现有技术中,羟基酪醇的制备主要从橄榄叶中提取、化学合成和生物合成,具体如下:
天然提取主要是从橄榄果、叶片以及在橄榄油制备过程中产生的残渣和废水中进行的,其优点是原始材料便宜且丰富,但缺点是使用强酸性水蒸气,回收率低,且易产生二次污染。
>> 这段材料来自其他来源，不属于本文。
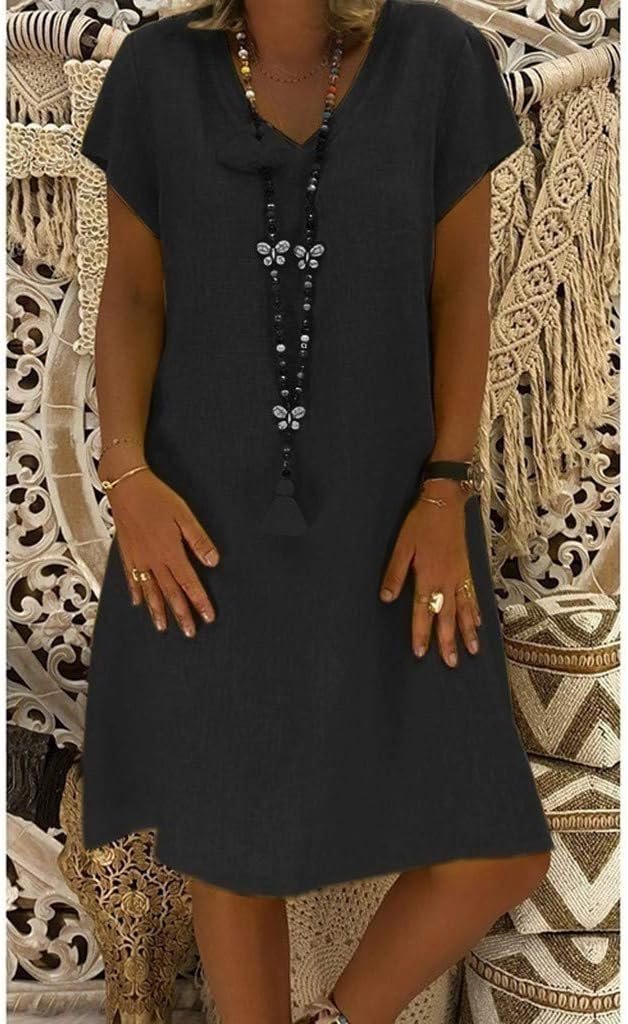 Beatrice | Women's V-Neck Short Sleeve Mini Dress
Baraldi等通过过量氢化铝锂的还原作用,将3,4-二羟基苯乙酸还原得到羟基酪醇,但此方法原料难以获得,工艺成本过高,不适宜工业生产(Preparation of3,4-Dihydroxy-1-benzeneethanol:A Reinvestigation.Liebigs Annalen der Chemie 1983,1983(4),684-686.)。Lucia等以酪醇(4-羟基苯乙醇)为原料,在零下25摄氏度的低温下,用2-碘酰基苯甲酸使之氧化并加入硫代硫酸钠溶液还原得到羟基酪醇(Oxidativechemistry of the natural antioxidant hydroxytyrosol:hydrogen peroxide-dependent hydroxylation and hydroxyquinone/o-quinone couplingpathways.Tetrahedron 2006,62(6),1273-1278.)。帝斯曼公司以邻苯二酚为原料,在酸性条件下以Pd/C催化3,4-二羟基扁桃酸,使其脱去苄位的羟基,得到3,4-二羟基苯乙酸,再利用硼氢化钾-氯化锂还原得到羟基酪醇(PROCESS FOR THE PREPARATION OF PHENOLICCOMPOUNDS.2006/07/05/Application date,WO2007009590,2006.)。化学合成的缺点使用基质相对昂贵,并且这些过程需要保护和脱保护步骤,降低总收率;成本高、污染严重、安全性低,不适合应用于食品和药品的添加。
在生物合成领域,大量进行了对羟基酪醇生物合成的研究。中国专利文献CN202110546281.0通过在能够高产酪醇的酿酒酵母中转入来源于铜绿假单胞菌的HpaB和其他特定来源的HpaC,但是由于该酶的催化效率较低,且羟化酶在酵母中的表达效率低下,导致羟基酪醇在酿酒酵母中的产量较低,为1120mg/mL。中国专利文献CN201711054680.5通过在大肠杆菌中过量表达氨基转移酶、酮酸脱羧酶、醇脱氢酶、羟化酶来利用酪氨酸作为底物生产羟基酪醇,由于在该发明中氨基转移酶没有提供足量氨基的受体,且羟化酶的活性太低,且该发明蛋白的可溶性表达较差,导致最终羟基酪醇的产量较低,为1469±56mg/mL。
发明内容
本发明提供了一种可利用多巴胺生产羟基酪醇的重组大肠杆菌,所述重组大肠杆菌表达了单胺氧化酶、醇脱氢酶和葡萄糖脱氢酶。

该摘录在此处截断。